One of my favorite people in the world, Olivia Louise, asked me to write her a recommendation for high school admission. Once I got done, I realized that I wanted to share it, because she really is a person worth knowing, and should probably enjoy a wider fan base than she currently does. So here goes:
I still can’t
remember the first time I met Olivia. It’s as if she materialized in our house,
went off to play Barbies with my daughter, and, in many ways, never left, thank
goodness. Over the years, I’ve served her thousands of dishes of mac and
cheese, gone to see her performances in school plays (always stellar), noticed
when her teeth fell out, sympathized when she got braces and celebrated when
they came off. I’ve ferried her all over town, to day camps and drama classes
and in between one sporting event and another (she is seriously sporty). Olivia
has spent a lot of time being a passenger in my car, and that alone is a
testament to her strength of character.
The hands-down
best times she and I ever spent together were when my daughter, who is six
months older than she is, was already in half-day kindergarten, and Olivia,
still a preschooler, would walk up to the grade school with me to pick up my daughter
for lunch and playtime. Olivia would get to hold the dog’s leash, all by
herself, and she would walk by my side, telling me what was on her mind. I
loved, really loved, hearing what was on her mind.
A part of
me, the big, dumb part, or maybe the hopeful part, believes that these walks happened
just a week or two ago, and that Olivia is still waiting across the alley for
me. All I need to do is walk up the cowpath she and Mary created between our
two yards, help her on with boots and mittens, and we’re set for our walk up to
school.
But of
course this isn’t true. She is taller than me, and smarter than me (always was,
I have to admit) and ready, now, for high school. Despite all those changes,
she is still someone whose company I enjoy just as much as I did on what I
now must admit were long-ago walks.
Last year, our family went to Beijing to visit my oldest daughter, who was studying there. It was an arduous journey that none of us particularly wanted to make, and one of the few things that made it bearable was that Olivia came along with us. The truth is, we are a high-strung, excitable bunch, even worse when we’re all together, or when we’re traveling, and Olivia calms us down.
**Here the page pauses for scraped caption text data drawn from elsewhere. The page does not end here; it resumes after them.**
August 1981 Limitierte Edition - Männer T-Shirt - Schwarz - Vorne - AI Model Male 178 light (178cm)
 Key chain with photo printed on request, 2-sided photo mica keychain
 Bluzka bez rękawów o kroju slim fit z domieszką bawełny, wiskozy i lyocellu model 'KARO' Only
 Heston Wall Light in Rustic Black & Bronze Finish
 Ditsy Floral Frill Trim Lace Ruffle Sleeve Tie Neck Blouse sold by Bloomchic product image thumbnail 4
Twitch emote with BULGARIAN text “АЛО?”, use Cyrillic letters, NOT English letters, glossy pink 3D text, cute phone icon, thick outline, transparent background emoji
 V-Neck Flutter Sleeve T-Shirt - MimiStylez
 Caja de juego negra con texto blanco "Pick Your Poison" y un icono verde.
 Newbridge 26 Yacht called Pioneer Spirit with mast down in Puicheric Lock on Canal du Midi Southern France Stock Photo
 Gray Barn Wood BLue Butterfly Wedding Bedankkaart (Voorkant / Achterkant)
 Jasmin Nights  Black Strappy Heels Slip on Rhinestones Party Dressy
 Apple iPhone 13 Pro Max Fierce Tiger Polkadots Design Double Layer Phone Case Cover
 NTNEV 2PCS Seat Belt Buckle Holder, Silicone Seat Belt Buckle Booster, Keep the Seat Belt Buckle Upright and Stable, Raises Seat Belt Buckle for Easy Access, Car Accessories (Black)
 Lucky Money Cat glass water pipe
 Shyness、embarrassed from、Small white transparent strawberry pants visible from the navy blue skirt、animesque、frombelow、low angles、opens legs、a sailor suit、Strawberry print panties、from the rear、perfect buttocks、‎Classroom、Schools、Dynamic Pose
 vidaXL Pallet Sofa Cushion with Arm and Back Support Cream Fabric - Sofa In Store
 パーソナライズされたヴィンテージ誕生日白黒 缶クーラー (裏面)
She is the still, strong center to which we cling, whether we realize we’re doing it or not.
Last year, our family went to Beijing to visit my oldest daughter, who was studying there. It was an arduous journey that none of us particularly wanted to make, and one of the few things that made it bearable was that Olivia came along with us. The truth is, we are a high-strung, excitable bunch, even worse when we’re all together, or when we’re traveling, and Olivia calms us down. She is the still, strong center to which we cling, whether we realize we’re doing it or not.
It was a
better trip, because of her – her clarity, her observations, her willingness to
do crazy things like fling herself in a metal sled down the side of the Great
Wall of China. It was an outrageous thing to do, and Olivia and I, both
Olympic-class worriers, were probably equally afraid of such a stunt. We’ve both
spent our lifetimes thinking about all the things that can ever go wrong, and then
working very hard to prevent them from happening. The difference between Olivia
and me is that I rode back down on the babyish gondola, and she picked up the
sled and went down the side of the Great Wall. That’s how brave she is, and
that’s one of the many reasons I admire her so much.
Three other
reasons I admire her (and these are just the top-of-the-head ones, I could come
up with dozens upon further reflection): 1) She sees everything, I mean everything, but she doesn’t feel a need
to comment. She just knows, and that’s enough. And I know when she knows, and sometimes that's kind of fun and sometimes it's a little bit scary. 2) She has been through a lot,
more than the fair share for an average eighth grader, and, perhaps because of
that, or just because she’s wonderful anyway, she is one of the most resilient people
I know. 3) She does not toss away her smiles and laughs for free; they must be
earned. This makes me try even harder to please Olivia, and when I do – whether
it’s by pulling the banana bread out of the oven at the exact moment she wants
it, or by getting all the logistics right and getting her to the place she needs to be at the precise instant she needs to be there – I feel as if I’ve
earned a medal, and it’s not in Worrying, but in something really worthwhile,
Olivia-Pleasing.
In some
ways, she’s been a grown-up ever since I’ve met her, and it’s been interesting
to watch her get older and become more of a fit with her actual outside self.
She was one heck of a wise five-year-old, and she’s a wicked-wise
fourteen-year-old. She’s the sort of person who won’t necessarily get any
smarter or wiser as the years go by, because that would probably be impossible. Instead, she’ll just become herself, more and more,
and that will be an amazing thing to behold.